Description of the task
Below, find the line containing "Endoscopia: Osso impactado"; from there to the final line, print every line exactly and skip the pictures.

Dataset excerpts
%%

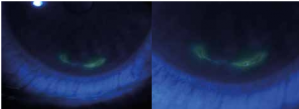 Marginal keratitis with ulceration after fluorescein staining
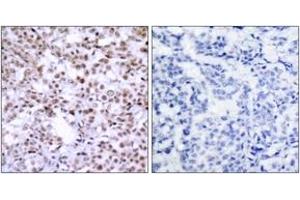 Immunohistochemistry analysis of paraffin-embedded human breast carcinoma, using Chk2 (Ab-68) Antibody. (CHEK2 anticorps  (AA 35-84))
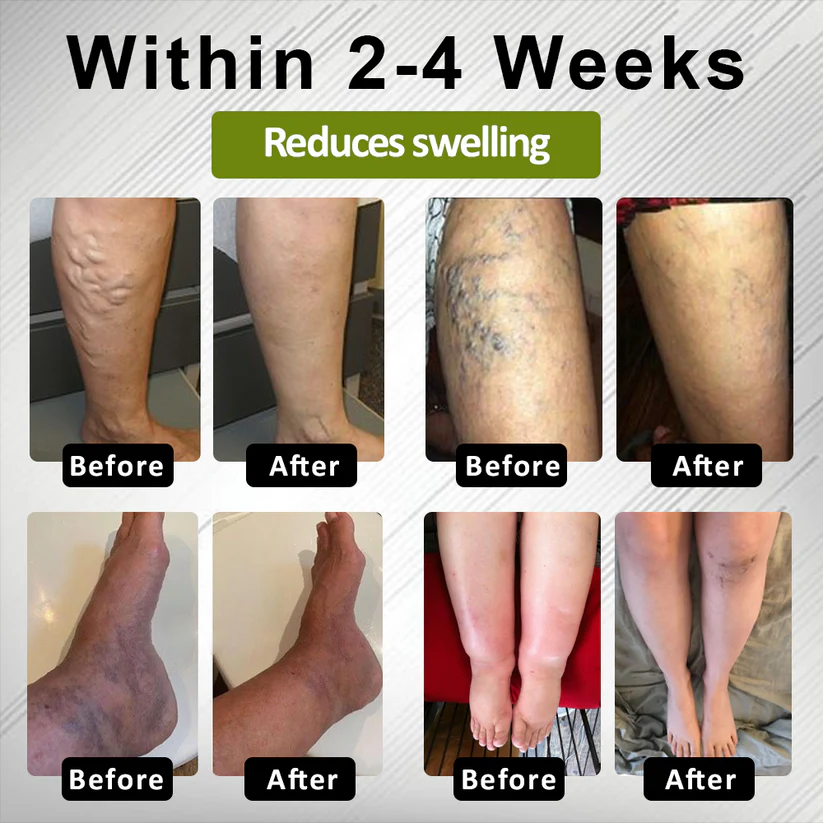 Fivfivgo® EdemaFree Flow Drain Massage Cream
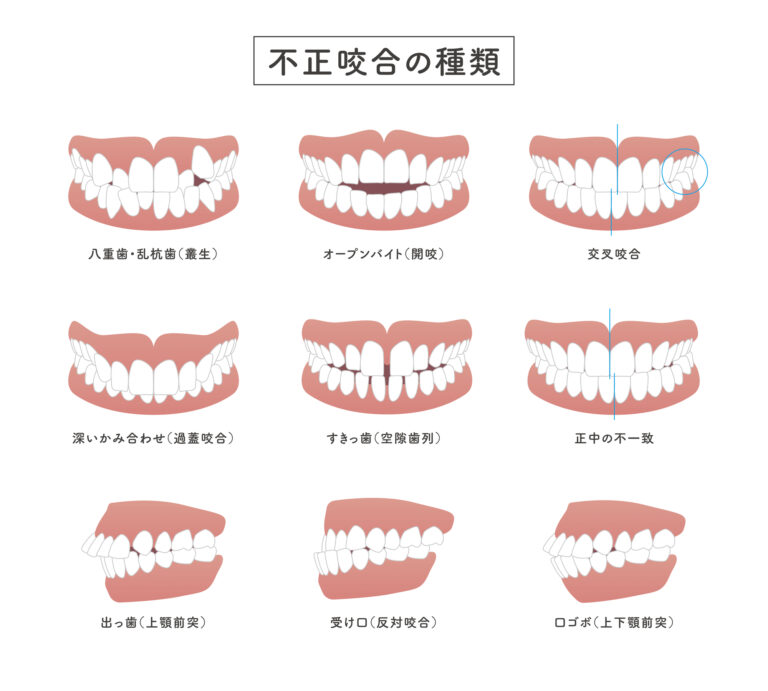 不正咬合の種類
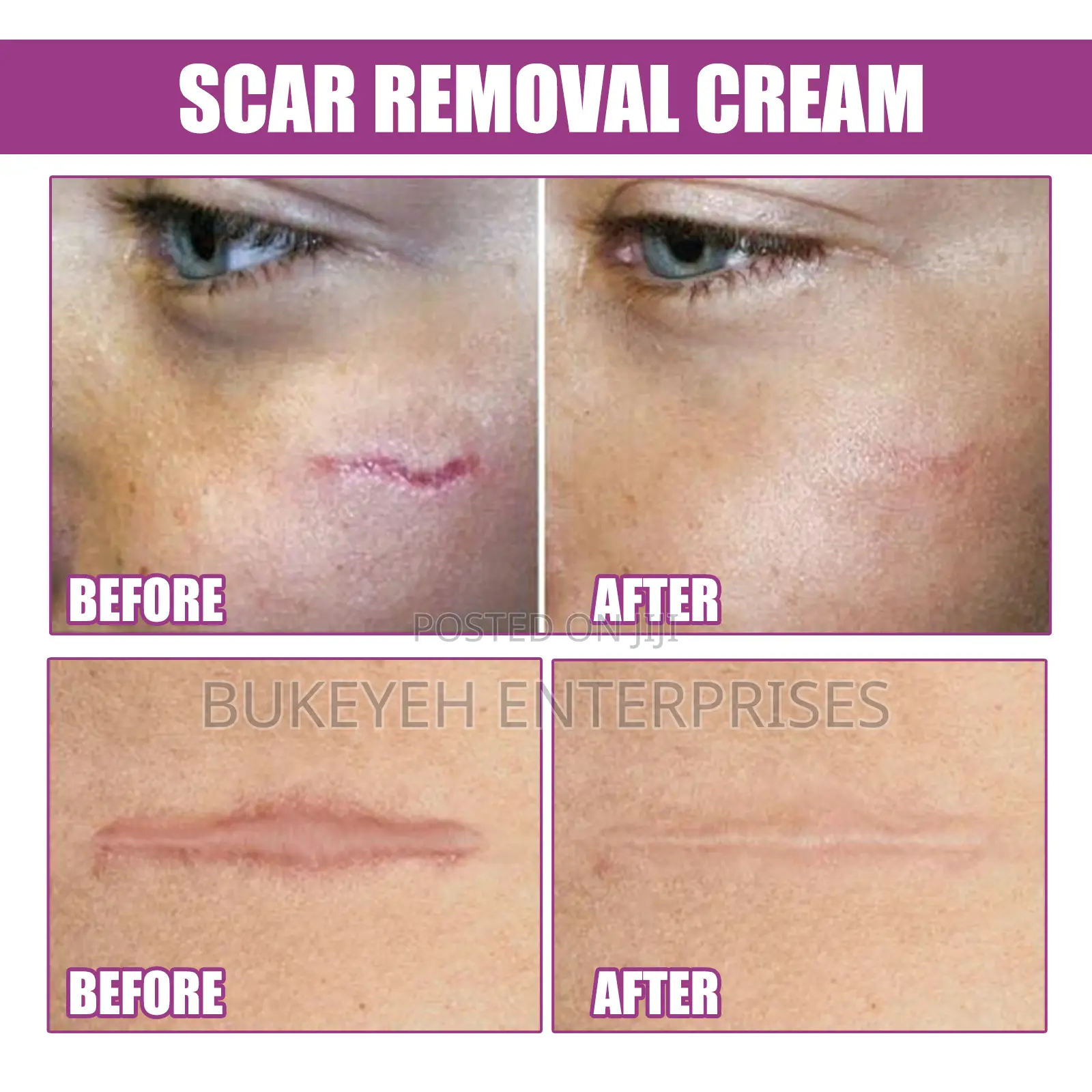 Hot Sale Scar Removing Cream and Repair All Kinds of Old Scars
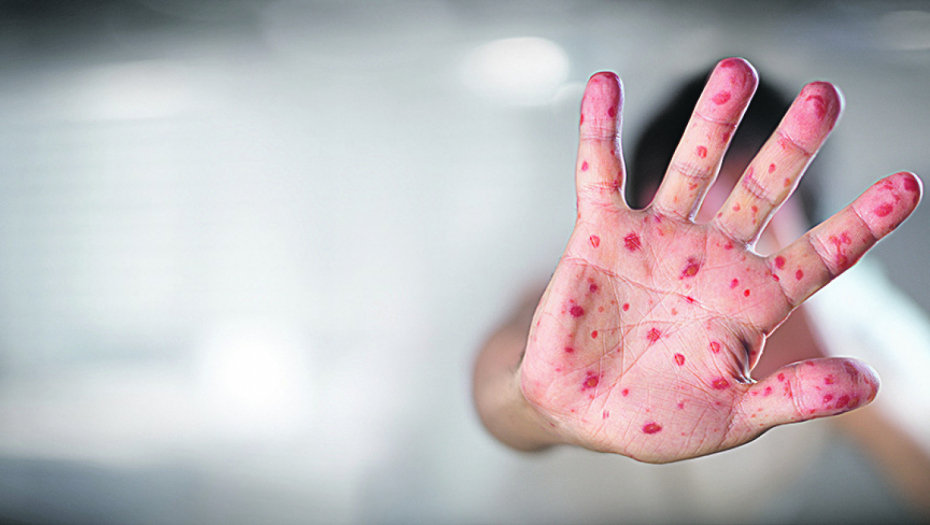 RASTE BROJ ZARAŽENIH BiH preti epidemija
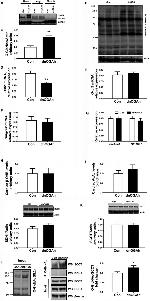 O-linked N-acetylglucosamine (O-GlcNAc) Antibody in Western Blot, Immunoprecipitation (WB, IP)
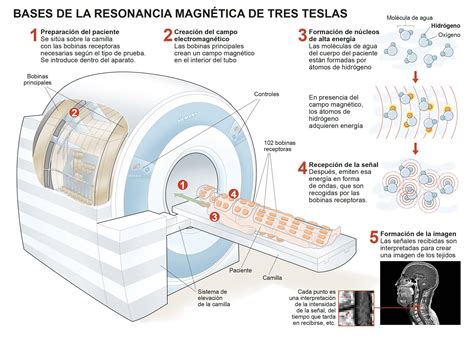 Diagrama explicativo del principio de funcionamiento de la resonancia magnética, mostrando el campo magnético, las ondas de radio y la emisión de señales por los protones del cuerpo.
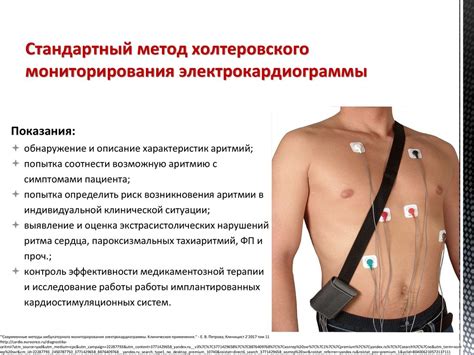 Методы диагностики нарушений сердечного ритма и проводимости ...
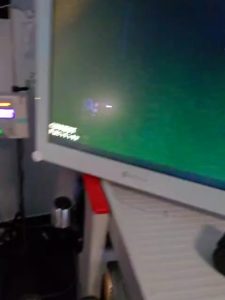 Endoscopia: Osso impactado no esófago removido por endoscopia (imagem 3 de 5)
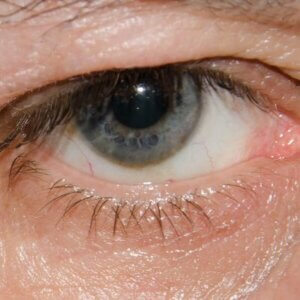 lower eyelid surgery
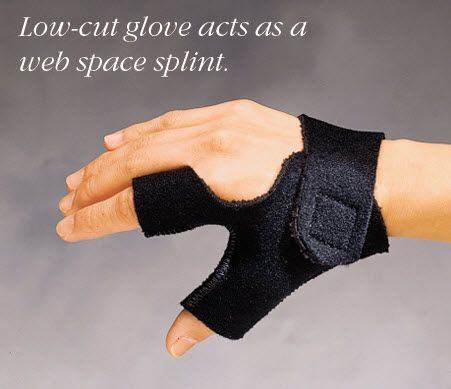 The glove of the arm splint acts as a web space splint.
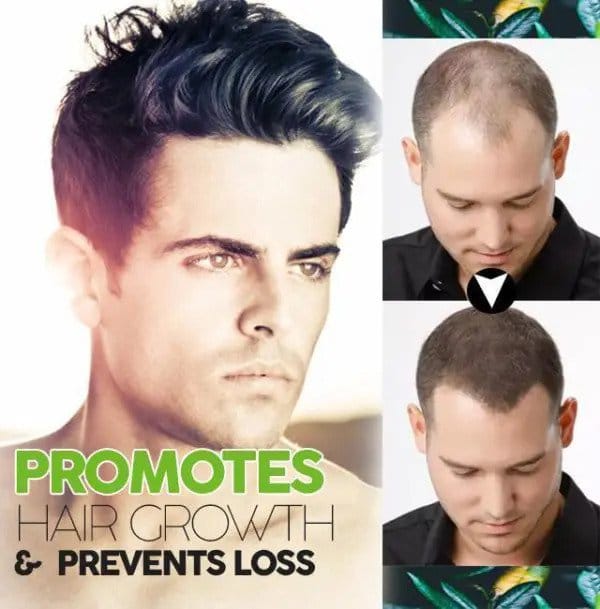 Solución orgánica para oscurecer el cabello - Imagen 3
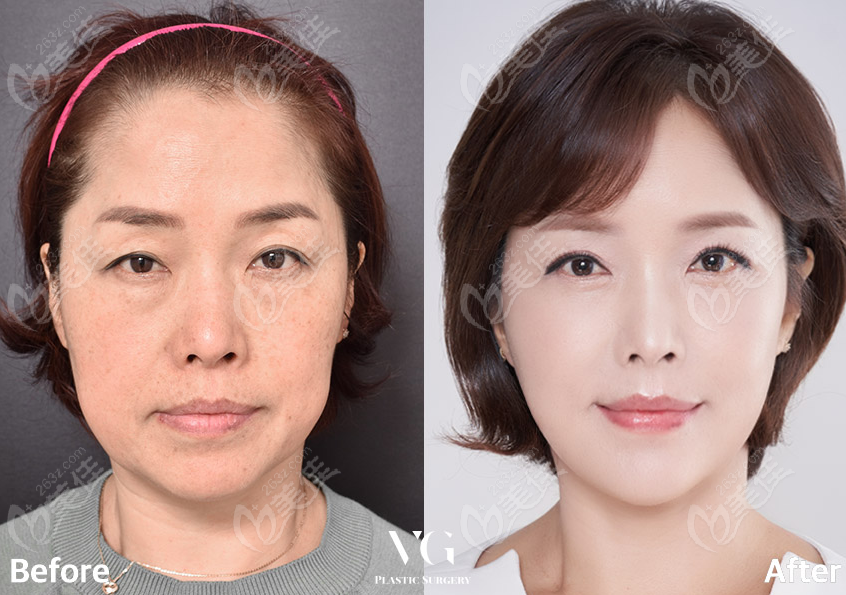 韩国VG百利酷全脸拉皮提升, 下颌角切除前后对比图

%%

Your solution
 Endoscopia: Osso impactado no esófago removido por endoscopia (imagem 3 de 5)
 lower eyelid surgery
 The glove of the arm splint acts as a web space splint.
 Solución orgánica para oscurecer el cabello - Imagen 3
 韩国VG百利酷全脸拉皮提升, 下颌角切除前后对比图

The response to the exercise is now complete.